Court of Protection approves care plan of anorexic patient

The decision of Mr Justice Jackson in Re W (Medical Treatment: Anorexia) 2016 to approve the care plan of a patient suffering from anorexia nervosa is another case where the Court of Protection has attached weight to the wishes of patients.

The decision of Mr Justice Jackson in Re W (Medical Treatment: Anorexia) 2016 to approve the care plan of a patient suffering from anorexia nervosa is another case where the Court of Protection has attached weight to the wishes of patients.

The Court of Protection approved the Health Board’s plan which was that W should now be discharged into the community with a detailed and well thought-out package of support for her and her family. The outcome is to some extent in accordance with the patient’s wishes and the least worst option from the patient’s point of view, according to Mr Justice Jackson.

Case summary

W is aged 28 and has suffered from a severe and enduring form of anorexia for 20 years. She had been admitted to five specialist eating disorder units on six occasions for significant periods of time. Her current admission to a psychiatric unit had lasted for two and a half years. She was detained under section 3 of the Mental Health Act 1983. Despite the most intensive support, she was barely eating and losing weight at the rate of 500 grams – 1kg per week. At the time of the hearing, she weighed less than 30kg and her BMI was 12.6. She was at significant risk of death. She had an established pattern of short term engagement with services followed by her challenging boundaries and refusing treatment.

The judge found that W lacked capacity to make decisions about her care relating to her anorexia.

W’s Health Board made an urgent application to have their care plan approved. The Health Board had two proposals. The first was to render W unconscious for up to six months and feed her by tube until her BMI recovered. The judge outlined that in his opinion this was, quite rightly, not pursued.

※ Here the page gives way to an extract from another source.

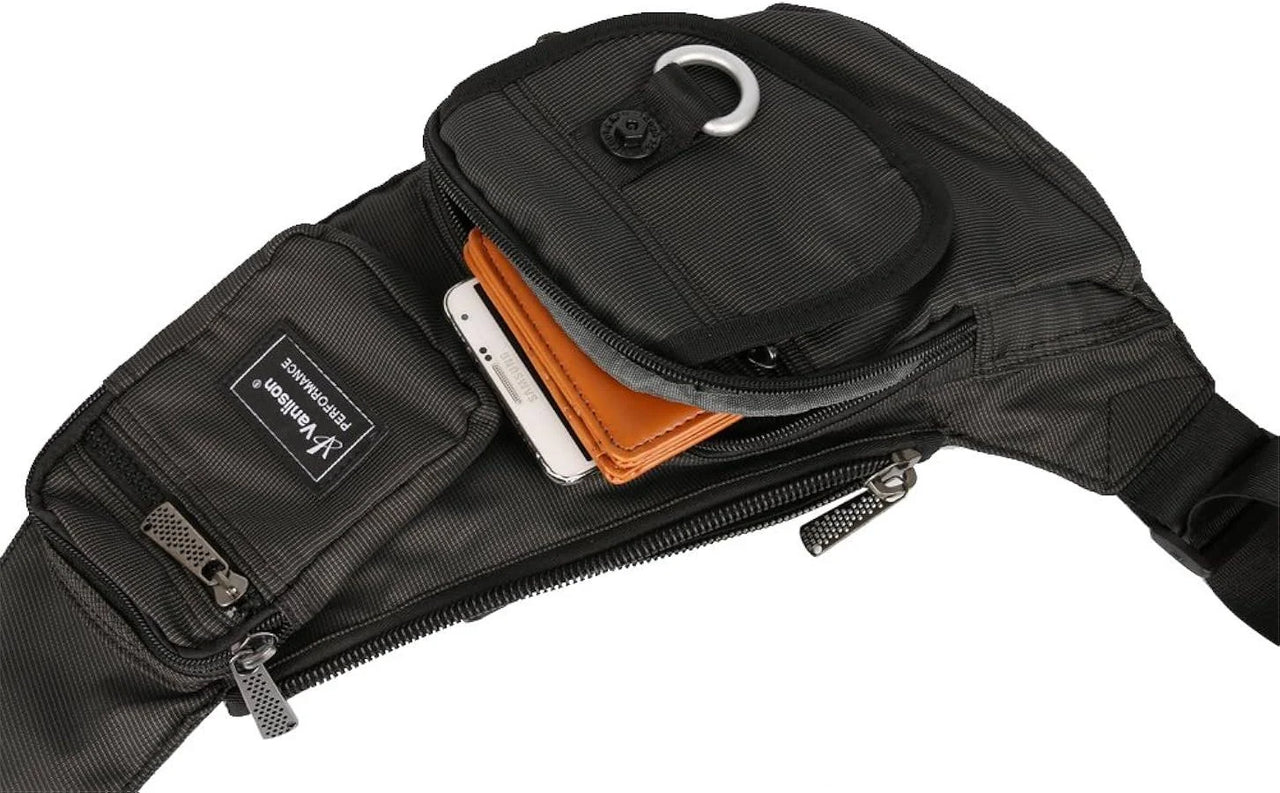 Vanlison Lightweight Small Sling Bag Backpack Chest Shoulder Bags Multipurpose ...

The second option, preferred by the Health Board, involved a recognition that W’s condition was not currently treatable and that her remaining on the acute ward was not appropriate. This option required an immediate discharge into the community with a full community support programme for her and her family. There was a unanimous professional view that this option would be in W’s best interests and supported the Health Board’s application.

Mr Justice Jackson commented that “It will at first seem counterintuitive that someone so ill should be discharged from hospital. The conventional assumption is that hospital treatment is likely to bring benefits, but the evidence has persuaded me that in this case that is not so.” W had expressed a wish to live and felt she may be able to “turn it round” if she was at home. The doctors felt they had done what they could to enable her to gain and maintain her weight and the use of coercion or sedation would not work. Of interest, her responsible clinician had indicated they would seek to discharge W from detention, as while her condition warrants treatment, the team had found no way of treating it. The judge agreed that the present treatment, such as it was, was not beneficial and that it was not right for it to continue. In light of that he approved the care plan.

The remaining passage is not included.